Esta vez, la expresión del Verdugo Celestial era mucho más oscura. El testamento de Long Chen lo hizo sentir un poco de miedo, sacudiendo su confianza. Si esto continuaba, no habría forma de que él abriera la boca de Long Chen.
Pasaron otros tres días. Sin embargo, cuando Heaven Executioner terminó, su expresión se torció. Había fallado una vez más. Todas sus habilidades de tortura fueron inútiles.
Después de unos días más, trajo a dos personas más. Uno era Long Aotian, que solo miró a Long Chen. Pero curiosamente, no hizo nada. Después de mirar a Long Chen, se rió, “Long Chen, espera. He avanzado al décimo Heavenstage, ¿lo ves? Ya estoy en el reino Venerado, y pronto iré al reino Santo. Debes estar tranquilo y paciente durante este tiempo. No te emociones demasiado, o podrías morir. Resiste hasta que me convierta en un soberano. Quiero que me veas personalmente matando a todas las personas que te importan”.
Después de decir eso, Long Aotian le dio unas palmaditas en la cara a Long Chen, se rió y se fue.
La otra persona luego dio un paso adelante. Mirándolo, Long Chen se sorprendió. Era Ye Qian, el genio celestial de la División de la Píldora Divina, alguien que el Doyen de la Píldora veía muy bien. Ahora había alcanzado el noveno Heavenstage of Heaven Merging.
Ye Qian se acercó a Long Chen y se burló: «Long Chen, hoy te pagaré por la humillación que me hiciste soportar en la plaza de la píldora divina».
BOOM!
Ye Qian golpeó repentinamente el pecho de Long Chen, lo que provocó que este último cough con la boca llena de sangre y se desmaya.
«¿¡Qué estás haciendo!?» rugió el Verdugo Celestial.

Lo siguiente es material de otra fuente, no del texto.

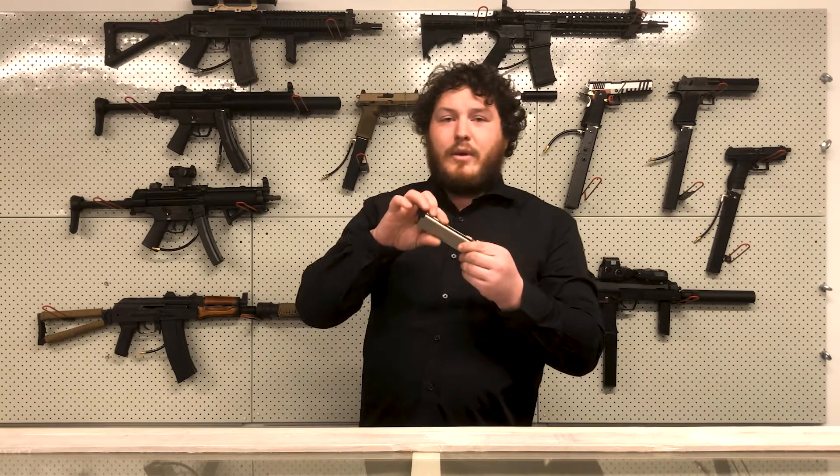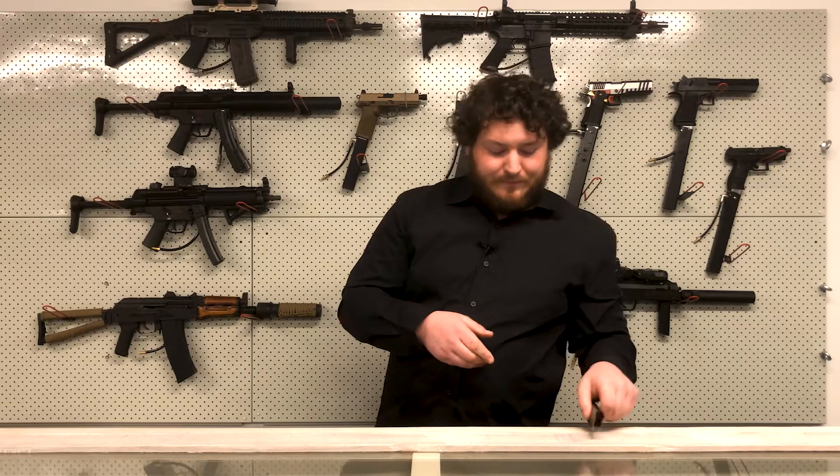Hi guys, welcome to the Arena YouTube channel. Today we're going to talk about gas blowbacks, HPA, and custom high-cap magazines and the pros and cons with each. Do you want to run your gas blowback pistol as a primary but noticed limited ammo capacity and gas inefficiency? We have a solution for you.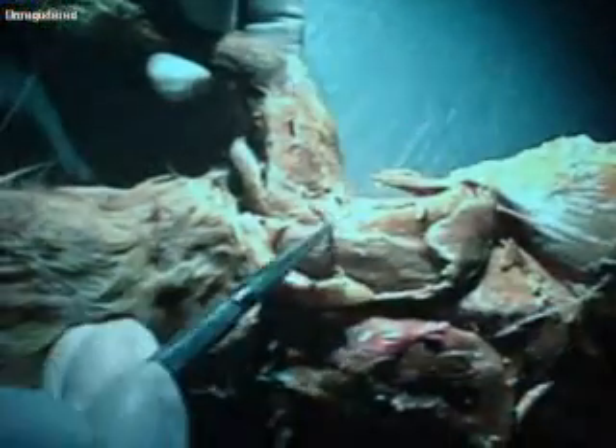On the arm again, we have spinodeltoid here, acromiodeltoid here, and kleidodeltoid here.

Luego revisó a Long Chen. Afortunadamente, no había muerto. Ye Qian claramente no había discutido este golpe con él de antemano.

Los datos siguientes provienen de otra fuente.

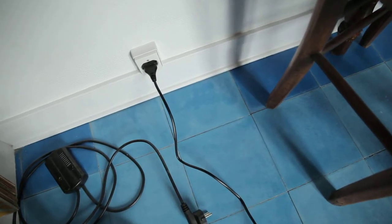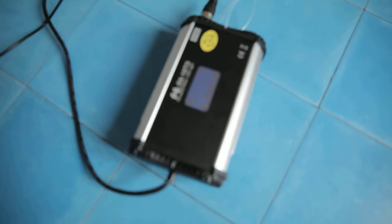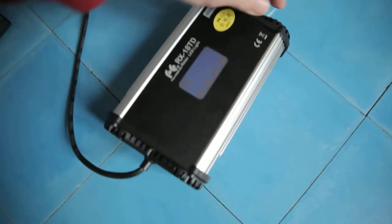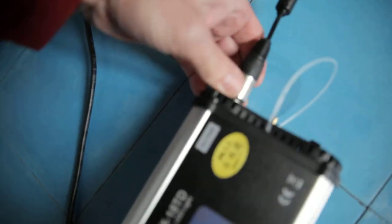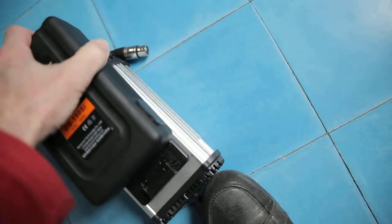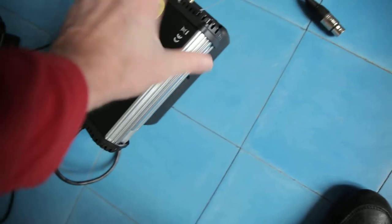I plugged in the DC power on a plug that works and you can see that when I turn on the ballast nothing happens. I tried on different plugs but it doesn't work. When I try it on a battery, it works fine — the light works, everything works — but on the plug it doesn't work. I don't know why.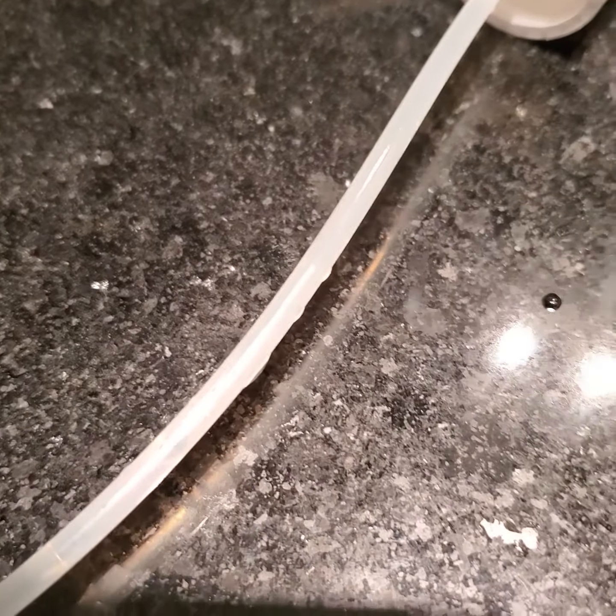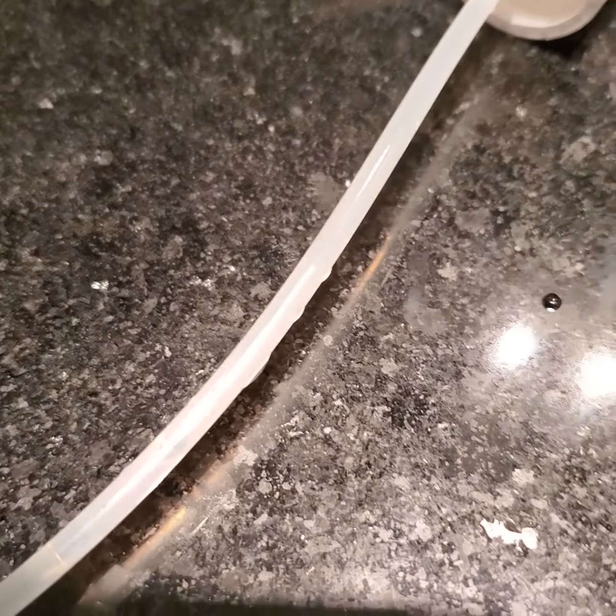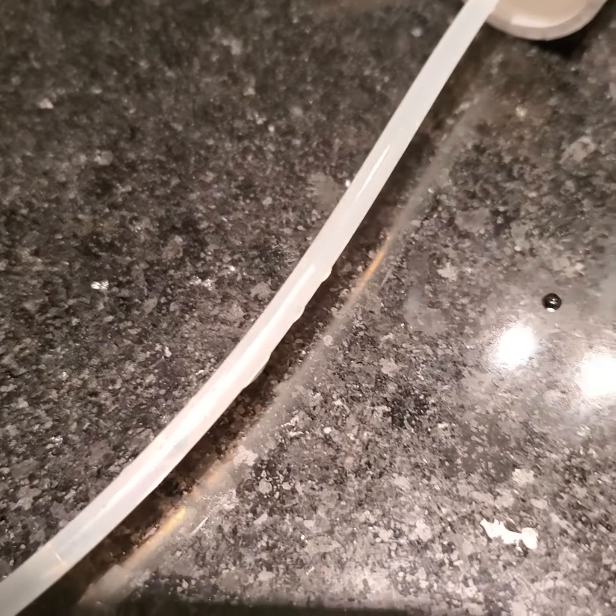Oh, look at that! Look at that, boy — it's carbonated! That's it. We'll also do it another way. It sounds so cool, guys — I'll do it another way.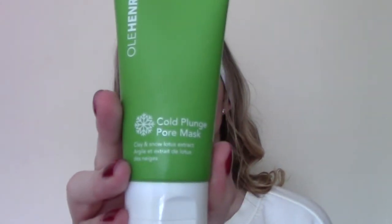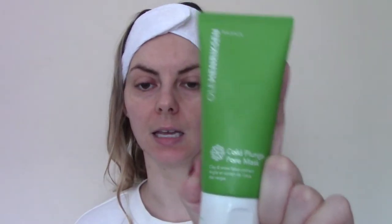Next we have the Cold Plunge Pore Mask, also from the Balance range. This is 90ml and it sells exclusively on Boots in the UK for £27. It says: take the plunge for smaller pores instantly — who doesn't want smaller pores? Deeply purify and diminish pores with an exhilarating chill. Inspired by the cold plunge part of a Scandinavian sauna cycle, this cooling clay mask detoxifies, controls oils and reduces the look of pores. The innovative formula harnesses the power of alpine willow herb and snow lotus — antioxidant-rich botanicals that have adapted to thrive in extreme cold — to soothe, mattify and refine pores. Add cool water and the turquoise clay mask thaws into a luxurious lava that sweeps away excess oil and impurities.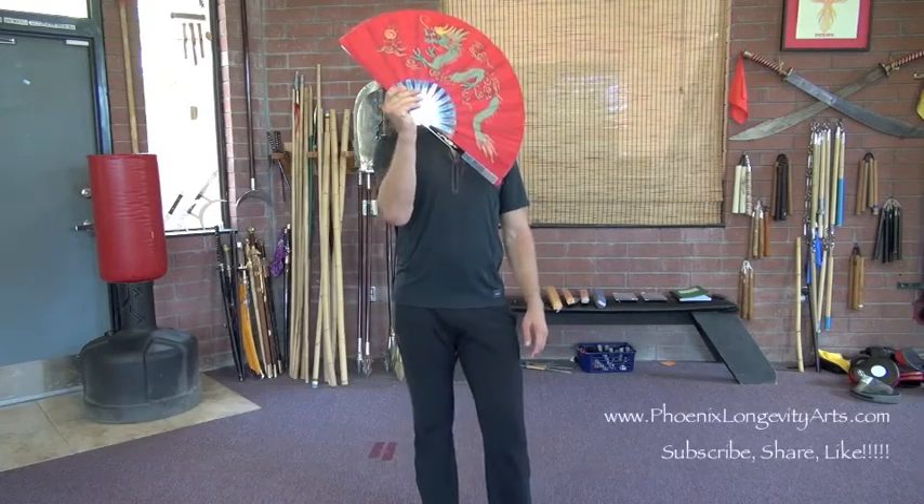Hey, it's Jake Mace with Phoenix Longevity Arts. In this video we're going to do the fan.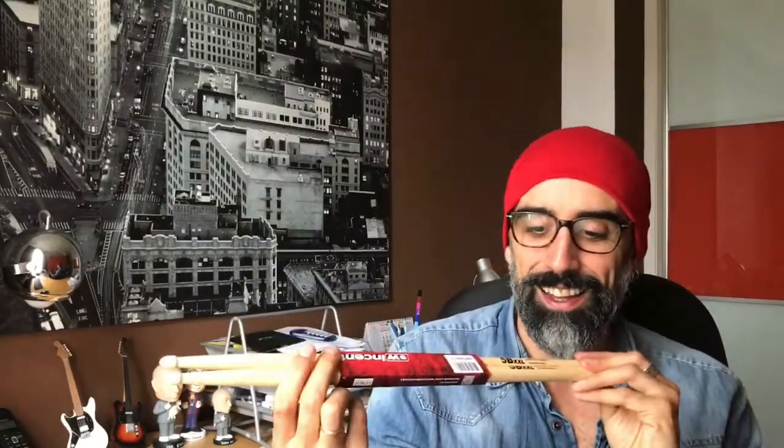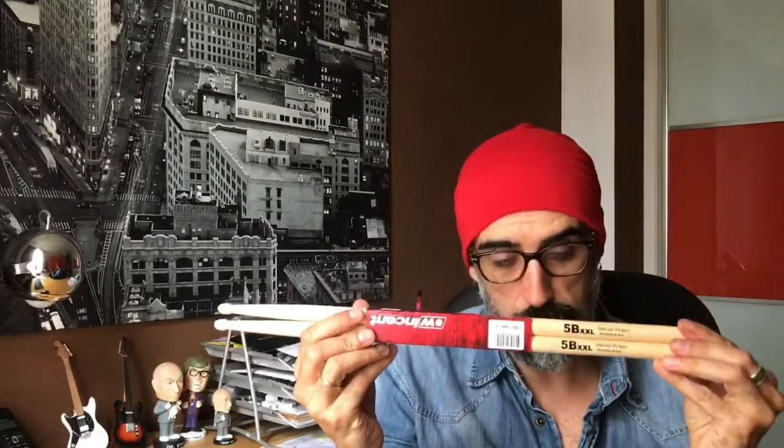Now about the length of the drumstick. Around 16 inches is the standard length for a 5A or 5B. From there you can go to longer drumsticks. I've done that — here's an example of a 5B XXL from Vincent. Most companies have longer options. As you can see there's a big difference in length.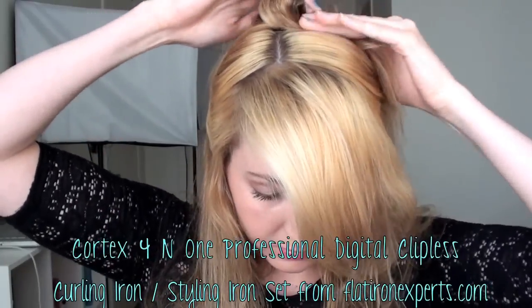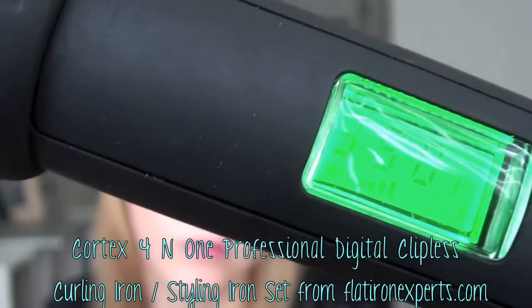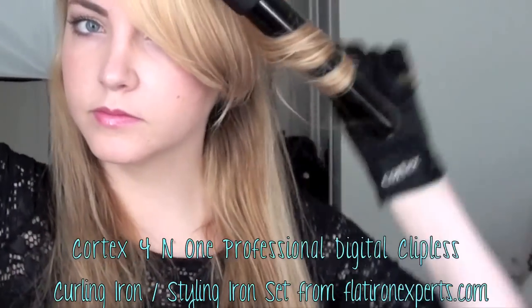I'm putting my hair half up, half down. Then I'm going to be using my Cortex clampless curling iron — this is the interchangeable one — starting off with the two-inch size on the bottom half of my hair, just kind of loosely curling that, not holding it on for too long, so it's kind of looser and beachy.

«Lo siento, simplemente no pude soportar mi odio», se disculpó Ye Qian.
«¡Tonto inmaduro, lárgate!» gritó el Verdugo del Cielo. Si Ye Qian hubiera matado a Long Chen hace un momento, todos sus esfuerzos habrían sido en vano.
Ye Qian se disculpó y se fue. Cuando estaba a punto de desaparecer, miró sigilosamente a Long Chen con una expresión complicada.